Aurélie Gigon, Leiterin der FRC-Rechtsabteilung
Auslöser ist der Fall einer Witwe, die Rechnungen erhielt für Abos von zweifelhaften News-Sites. Ihr Ehemann soll diese angeblich im April und im November 2025 abgeschlossen haben. Nur: Der Mann ist im Jahr 2017 verstorben. Er war also zum Zeitpunkt der angeblichen Aboabschlüsse bereits acht Jahre tot.
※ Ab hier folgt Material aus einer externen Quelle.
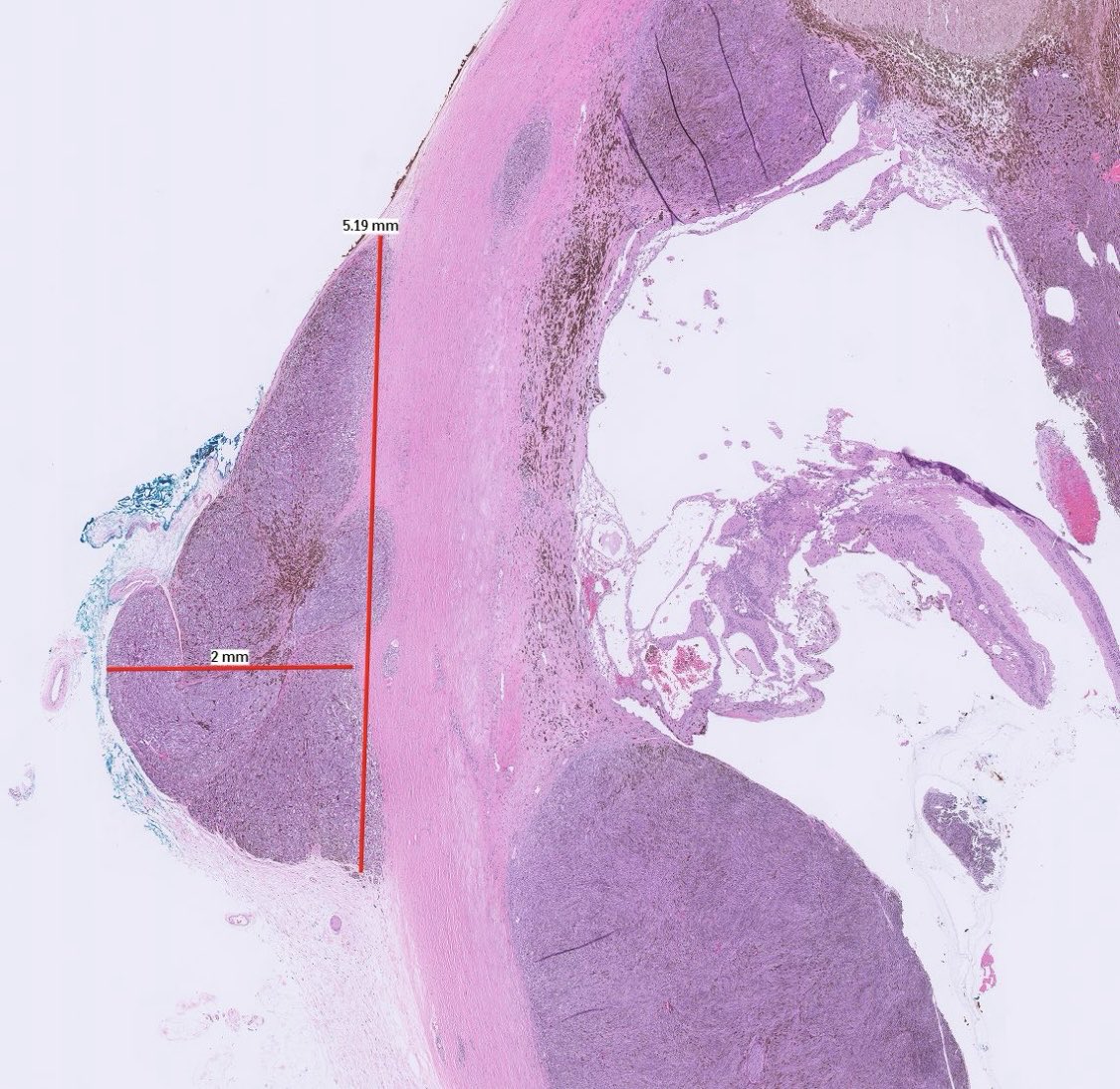 PeterKobalka's tweet image. Large choroidal melanoma with perineural invasion and &amp;gt;5mm extraocular extension. This alone gets it to pT4e.  Unsurprisingly, a liver mass soon developed #pathx #pathtwitter #cnspath #neuropath #neuropathology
Und sein Handy wurde 2018 gekündigt.
«Für uns ist das der Beweis, dass die Obligo-Rechnungen nicht auf tatsächlich abgeschlossenen Abos basieren, sondern dass unbescholtene Bürger angeschrieben werden, deren Handynummern möglicherweise aus einem Datenleck an Obligo gelangt sind», sagt Aurélie Gigon, Leiterin der Rechtsabteilung der FRC.
Datenschutzrechtliche Probleme
Der Fall ist aussergewöhnlich. Seit Jahren beteuern Betroffene, sie hätten nie ein solches Abo abgeschlossen. Dennoch stehen auf den Obligo-Rechnungen ihre korrekten Telefonnummern und Handymodelle. Die Betreiber, die letztes Jahr rechtskräftig wegen Verletzung der Preisbekanntgabeverordnung verurteilt wurden, betonen: Spätestens seit Sommer 2023 sei auch bezüglich Preisbekanntgabe alles sauber. Man müsse doppelt bestätigen, dass man ein Abo abschliessen will. Der Fall des Verstorbenen widerspricht nun dieser Darstellung.
Allerdings wurde die Nummer des Toten nach der Kündigung an eine andere Person vergeben, wie die Witwe gegenüber der FRC sagte. Sie hat auf die Nummer angerufen, nachdem sie die Rechnung erhalten hatte. Es könnte also sein, dass diese neue Person tatsächlich ein Abo abgeschlossen hat.
Obligo weist Vorwürfe zurück
Das wiederum würde datenschutzrechtliche Fragen aufwerfen. Denn die Rechnung von Obligo war explizit an den verstorbenen Vorbesitzer adressiert. Die veralteten Identitätsdaten wären also mit neu vergebenen Mobilfunknummern abgeglichen oder verknüpft worden.
Der Verantwortliche der Obligo AG, Hans-Ulrich Hunziker, lässt über eine Anwaltskanzlei ausrichten, dass man sich zur konkreten Strafanzeige der FRC nicht äussern könne, «eine solche nicht bekannt» sei. Grundsätzlich könne man kein strafbares Verhalten erkennen, selbst wenn die Rechnungsstellung an den Verstorbenen auf Basis einer nicht mehr aktuellen Liste erfolgt sei. Im Übrigen hätten sich alle von der FRC gegen die Obligo AG bis dato erhobenen Vorwürfe «als unhaltbar» herausgestellt.
Haben auch Sie Obligo-Rechnungen erhalten?
Die Beobachter-Juristin Nicole Müller rät grundsätzlich: Wer eine unberechtigte Rechnung bekommt, soll die Forderung schriftlich bestreiten. Bei der Obligo AG zeige die Erfahrung aber, dass das oft nichts hilft, so Müller. Betroffene könnten weitere Schreiben schlicht ignorieren. Denn rechtlich gilt: Wer etwas fordert, muss auch die vertragliche Grundlage beweisen. Das Beobachter-Beratungszentrum kennt keinen Fall, in dem Obligo versucht hätte, diesen Beweis zu erbringen.